Work instruction: Starting with the line that has "Gorra de Béisbol" and finishing with the line that has "Formula 1 |", set down each line below exactly. Pictures are not copied.

Source information:
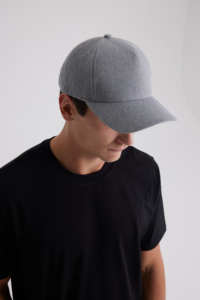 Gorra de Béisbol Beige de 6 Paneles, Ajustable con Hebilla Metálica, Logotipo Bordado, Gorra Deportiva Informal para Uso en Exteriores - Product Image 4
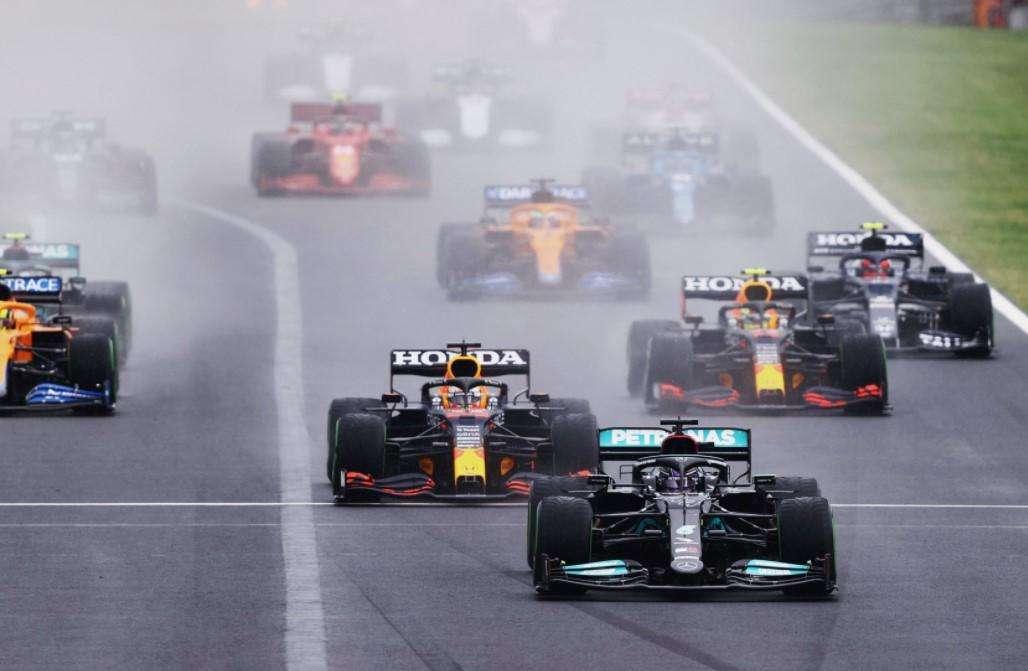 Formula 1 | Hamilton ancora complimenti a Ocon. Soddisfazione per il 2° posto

---

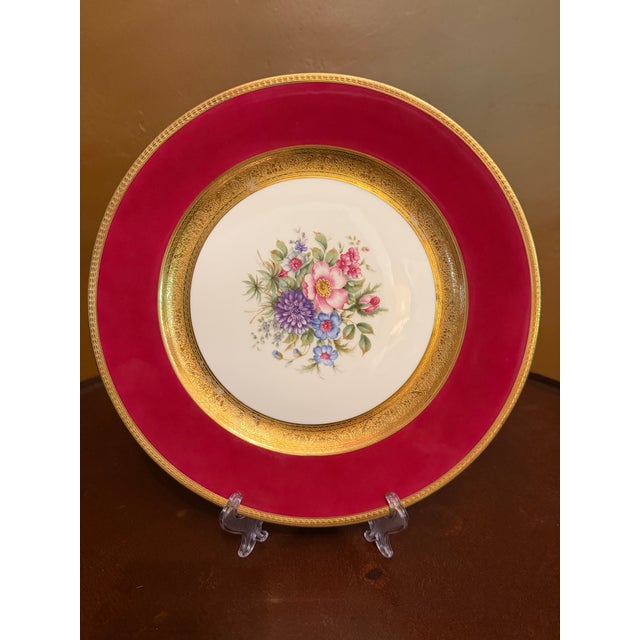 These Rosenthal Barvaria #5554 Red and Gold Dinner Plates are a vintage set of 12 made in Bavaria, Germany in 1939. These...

Answer box:
 Gorra de Béisbol Beige de 6 Paneles, Ajustable con Hebilla Metálica, Logotipo Bordado, Gorra Deportiva Informal para Uso en Exteriores - Product Image 4
 Formula 1 | Hamilton ancora complimenti a Ocon. Soddisfazione per il 2° posto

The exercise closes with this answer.